A few days ago I did my hurricane prep and already gasoline was running low in some stations, bread was nonexistent and water?  You could forget it...and that was several days ago.  I think I was not the only person planning not to be caught off guard this year. Hotels and dog kennels are filling up now as people who previously never dreamed they would ever need to evacuate towards the beach are coming here.

I will admit, this week is the first time I have thought that maybe moving away from the coast might be worth it...and then Irma shows me it doesn't matter. There is some kind of risk everywhere.  I think the issue of having to ride these storms out alone is more the drive behind my internal debate on just picking up and leaving.  It is tiring.  But, here today....it is a gorgeous, not a cloud in the sky day...who would dream a monster is preparing an attack on the state of Florida at this very moment and heading northward towards Georgia? 

Praying God's protection upon everyone.  Stay safe.


Tuesday, September 5, 2017

Happy Birthday, baby boy...

 
How can I remember this day, buying this outfit and that sweet, soft blue blanket like it was yesterday?
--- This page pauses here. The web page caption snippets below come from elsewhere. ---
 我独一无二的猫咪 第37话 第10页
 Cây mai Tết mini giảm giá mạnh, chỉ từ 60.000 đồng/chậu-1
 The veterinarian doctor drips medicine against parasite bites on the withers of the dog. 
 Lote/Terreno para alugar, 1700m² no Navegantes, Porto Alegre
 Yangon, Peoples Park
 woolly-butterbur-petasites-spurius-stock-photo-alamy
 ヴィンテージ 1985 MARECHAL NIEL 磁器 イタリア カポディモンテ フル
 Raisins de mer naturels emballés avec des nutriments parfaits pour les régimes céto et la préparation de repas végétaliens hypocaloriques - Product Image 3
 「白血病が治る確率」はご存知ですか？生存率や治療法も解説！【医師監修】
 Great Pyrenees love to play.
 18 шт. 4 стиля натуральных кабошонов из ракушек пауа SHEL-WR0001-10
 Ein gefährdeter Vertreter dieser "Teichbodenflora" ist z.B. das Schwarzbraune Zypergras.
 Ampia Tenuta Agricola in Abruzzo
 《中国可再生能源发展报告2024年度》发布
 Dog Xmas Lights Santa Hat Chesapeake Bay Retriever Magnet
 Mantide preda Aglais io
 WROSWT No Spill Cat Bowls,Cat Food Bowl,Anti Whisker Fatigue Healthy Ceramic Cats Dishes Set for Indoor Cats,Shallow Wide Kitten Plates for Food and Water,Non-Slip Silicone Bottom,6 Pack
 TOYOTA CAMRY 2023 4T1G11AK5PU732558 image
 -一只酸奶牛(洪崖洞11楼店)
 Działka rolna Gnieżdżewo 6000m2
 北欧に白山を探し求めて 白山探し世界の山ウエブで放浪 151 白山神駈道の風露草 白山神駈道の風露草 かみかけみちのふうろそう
Maybe because the years seem to fly by faster and faster and I feel the shadow of adulthood all around?  This was my youngest son's 1 year photo.  We lived in New York at the time and I had a beast of a time finding anything semi-dressy.  My Southern Self was looking for something with smocking and preferably puffy pants but that was no where to be found in the New York where I was.  My youngest always loved to rub your ear (or his if no one was available)...if you sat next to him on the sofa or rocked him at night he would gently reach up and rub your ear lobe.  It was his connection and comfort.  I can remember seeing he and his older brother on the sofa watching TV and my youngest would be absent mindedly rubbing his brother's ear.  It was sweet, innocent and a way that I am sure bonded them together.  Today my baby boy turns 16 (at 9:09 PM to be exact) and he is at rehearsals for Beauty and the Beast, being produced by a local theater company. Before that he rushed home to get his new basketball and basketball shoes and was off to the Y before heading to rehearsals.  He is my renaissance man. I am excited to see the young man he is becoming.


But, I look at this face and I wonder...where did the time go?  Where did my little man go?  In his place stands an almost 6 foot tall amazement.  Today is bittersweet.  I am so thankful and happy for all he has done and is becoming but I miss that sweet baby in my arms.
 
I prayed for this child, and the LORD has granted me what I asked of him.
1 Samuel 1:27 (NIV)
 



Monday, September 4, 2017

Labor Day 2017

Do you have big plans for today?  I have had a house full this weekend since my daughter and her friends  came home to attend the Nascar race at Darlington, which was nice and always fun to have lots of laughter about.  They are scheduled to head home today and my son has rehearsals for Beauty and Beast (yes, today because the show opens on Friday) so it will be quiet around here.  I will be studying and trying to get a jump on the week.